Sharp underwent surgery and then began oral chemotherapy treatment, but she had to switch to intravenous chemotherapy because the first drug wasn’t working.
“It was five chemotherapy drugs where I was overnight in the hospital. That was pretty tough,” she said. “I did that for about six months and I was actually pronounced cancer-free.”
Then, in 2019, the cancer returned.
“That’s what led me to do more rounds of chemo and a hysterectomy,” Sharp said.
When Sharp had her first surgery, doctors mentioned that they might need to remove Sharp’s uterus in the future. At the time, Stoner said she’d be a surrogate for her sister.
“I jokingly said, ‘It’s OK, I’ll have your babies.’ And we laughed about it,” Stoner, 33, a dietitian in Franklin, Tennessee, told TODAY Parents. “I was trying to lighten the mood ... but it was my way of saying, ‘I’m here for you.’”
Sharp didn’t think her sister was making a serious offer.
“In the moment it was comic relief and I thought to myself, ‘How wild would that be?’” Sharp recalled. “She’s always had a really generous, serving heart so I knew it was coming from a deep genuine place.”
Even though Stoner was trying to make Sharp feel better, she meant it.
“When it got really serious, we were just hoping Sarah was going to be OK. It was really gut-wrenching and hard,” Stoner said. “Before she had her hysterectomy, my husband and I had another conversation about offering to help them in this way if it worked out.”

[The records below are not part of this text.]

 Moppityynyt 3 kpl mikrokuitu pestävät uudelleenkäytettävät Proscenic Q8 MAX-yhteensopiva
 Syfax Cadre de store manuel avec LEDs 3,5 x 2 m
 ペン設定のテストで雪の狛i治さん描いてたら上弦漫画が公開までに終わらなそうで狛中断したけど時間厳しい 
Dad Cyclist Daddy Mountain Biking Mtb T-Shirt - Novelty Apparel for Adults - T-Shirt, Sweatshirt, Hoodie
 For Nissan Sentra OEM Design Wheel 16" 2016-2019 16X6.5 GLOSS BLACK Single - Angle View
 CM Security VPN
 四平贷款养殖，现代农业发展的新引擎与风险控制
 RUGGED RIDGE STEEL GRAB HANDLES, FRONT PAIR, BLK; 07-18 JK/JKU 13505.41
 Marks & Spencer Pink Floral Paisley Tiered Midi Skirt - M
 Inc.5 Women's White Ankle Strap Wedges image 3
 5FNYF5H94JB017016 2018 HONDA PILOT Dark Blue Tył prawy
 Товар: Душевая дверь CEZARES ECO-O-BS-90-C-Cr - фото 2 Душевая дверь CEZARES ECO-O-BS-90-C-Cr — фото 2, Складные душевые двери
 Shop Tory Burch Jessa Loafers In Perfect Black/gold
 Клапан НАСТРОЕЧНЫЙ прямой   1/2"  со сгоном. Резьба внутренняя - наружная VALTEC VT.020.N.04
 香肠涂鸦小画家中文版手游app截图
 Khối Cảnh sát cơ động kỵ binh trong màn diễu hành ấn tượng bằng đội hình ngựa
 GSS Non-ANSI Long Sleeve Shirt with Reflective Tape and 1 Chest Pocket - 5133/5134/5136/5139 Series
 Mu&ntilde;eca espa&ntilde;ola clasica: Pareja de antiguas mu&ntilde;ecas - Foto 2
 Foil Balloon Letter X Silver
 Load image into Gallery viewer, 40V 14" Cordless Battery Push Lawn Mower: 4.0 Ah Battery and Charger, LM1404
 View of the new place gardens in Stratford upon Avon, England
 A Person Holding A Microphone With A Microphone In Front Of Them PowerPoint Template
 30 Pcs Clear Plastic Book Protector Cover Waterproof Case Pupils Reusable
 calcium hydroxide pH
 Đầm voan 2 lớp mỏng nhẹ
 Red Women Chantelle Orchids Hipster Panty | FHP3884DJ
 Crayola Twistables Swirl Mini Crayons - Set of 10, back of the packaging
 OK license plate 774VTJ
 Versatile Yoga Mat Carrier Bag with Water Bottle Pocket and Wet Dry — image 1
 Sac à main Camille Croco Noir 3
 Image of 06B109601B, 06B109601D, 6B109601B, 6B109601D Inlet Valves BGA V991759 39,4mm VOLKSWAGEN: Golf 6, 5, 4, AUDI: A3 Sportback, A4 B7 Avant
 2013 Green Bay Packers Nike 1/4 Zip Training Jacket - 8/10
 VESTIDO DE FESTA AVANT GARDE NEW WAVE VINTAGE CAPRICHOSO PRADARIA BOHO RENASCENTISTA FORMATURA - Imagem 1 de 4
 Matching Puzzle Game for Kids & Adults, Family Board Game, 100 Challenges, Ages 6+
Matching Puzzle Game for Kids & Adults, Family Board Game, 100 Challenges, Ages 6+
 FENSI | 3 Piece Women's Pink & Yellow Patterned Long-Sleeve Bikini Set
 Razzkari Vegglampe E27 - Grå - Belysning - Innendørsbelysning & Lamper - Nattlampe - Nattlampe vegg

Remission and a new pregnancy
In the spring of 2020 when it was clear that Sharp was in remission, Stoner brought the matter up again. Stoner has two children, Ruthie, 6, and Sam, 4, and always had easy pregnancies and enjoyed being pregnant. So they then discussed it with their husbands.
“Sarah and Richard wanted to make sure we didn’t feel pressure,” Stoner said. “We had lots of talks about if this happens, what does it look like. ... After that, they started the process of creating an embryo.”
At first, Sharp didn’t know whether she had viable eggs. After undergoing so much chemotherapy, her egg quality could have been impacted. But it turned out that her eggs were unaffected, and she and her husband were able to create three viable embryos.
“We’ve been through so much with Sarah’s health that a little bit of waiting and a little bit of unknown was honestly nothing compared to the years before,” Stoner said. “We were prepared for it to take a long time.”
But it didn’t — the first embryo Stoner received implanted.
“It was really refreshing to get those green lights because we’d come from a couple of years with bumps in the road, taking detours, receiving hard information,” Sharp said. “It was an answer to our prayers.”
Stoner is carrying a boy, who is due on Aug. 18, 2021. Sharp will catch the baby and cut the umbilical cord. The pregnancy has gone well, and it’s easier to go through it with a twin.
“It’s been helpful to have Sarah do it with me,” Stoner said.
Sharp said she feels touched by her sister’s gesture.
“I am so honored and just grateful for this incredible gift,” she said. “I never thought in a million years we’d have another baby and the fact that we have a son is amazing. It felt really easy because Cathey and I just communicate really well.”
Sharp and Stoner both said they're grateful that this pregnancy brought them even closer together.
“We’ve learned a lot about each other,” Stoner said. “We’ve learned how to work together as a team through this pregnancy in a really incredibly special way. It’s rare that you’re in something that’s really special and once in a lifetime.”
“This journey has definitely been something we’ll never forget.”